The Republican caucus's retreat in Shawnee this week would have been the opportunity for members to air these sorts of concerns, but instead it's reported that Steele filled the meetings with presentations and position papers, limiting any opportunity for discussion to the tail end of the retreat. Panhandle Rep. Gus Blackwell wrote a scathing email to his colleagues protesting the way the meeting was conducted:

Obviously, our caucus retreat was not intended to be an opportunity for our caucus to discuss, debate, or decide policy. Instead, our caucus meetings have become carefully orchestrated and planned events, with little or no time for the actual discussion of caucus business.
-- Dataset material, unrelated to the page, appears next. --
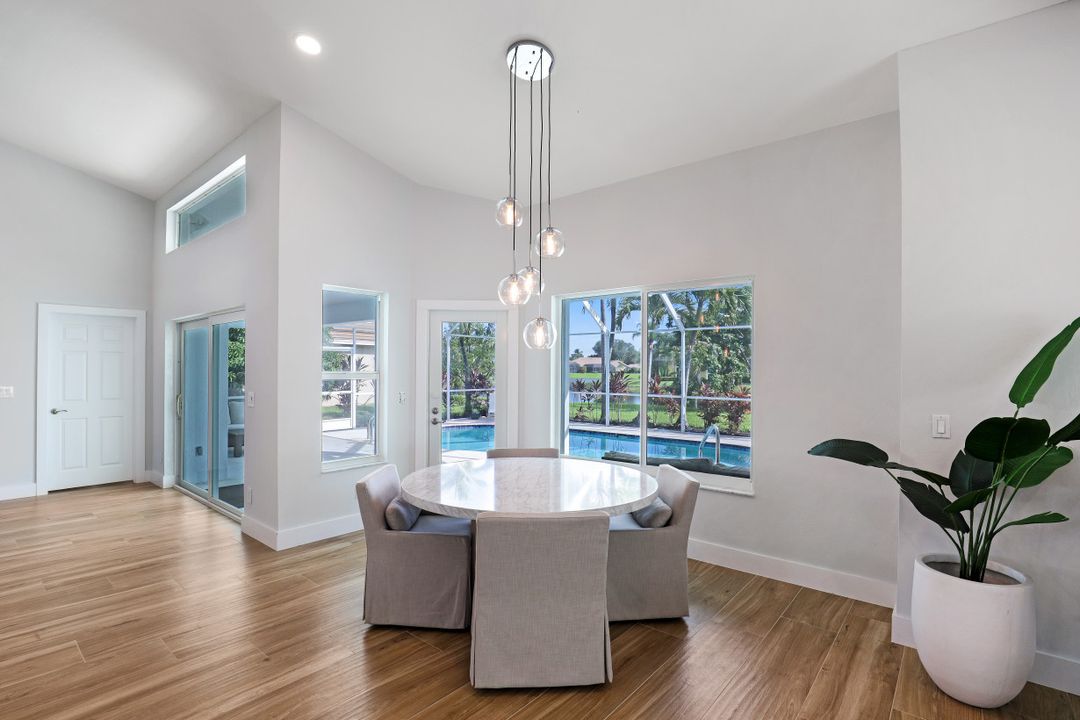 11102 Phoenix Way, Naples, FL 34119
The 2011 Republican Caucus Retreat in Shawnee stands as an outstanding example of what I am writing in this email. After a first day of tours and dinner, no caucus business was transacted. The second day had time for a breakfast with a political presentation, a 30-minute museum tour and five and one-half hours of other presentations, before staff was asked to leave and we actually began "caucus business." Our discussions as a caucus lasted less than 45 minutes out of the over 15 hours of scheduled activity.

Blackwell finally had the floor, at the very end of that 45 minutes, to discuss the removal of Trebilcock and Steele's firings of senior House staff, but after 10 minutes he was cut off by a hasty motion to adjourn:

As a senior member, who has been Acting Speaker, Speaker Pro-Tempore, Chair of three different committees, and who has served on every Republican leadership team except the present one, I would think I would be allowed to have more than two responses to speak on a topic I requested be discussed and which strikes to the very core of how we operate as a majority. However, I wasn't, neither was Rep. Trebilcock or any other members of the caucus.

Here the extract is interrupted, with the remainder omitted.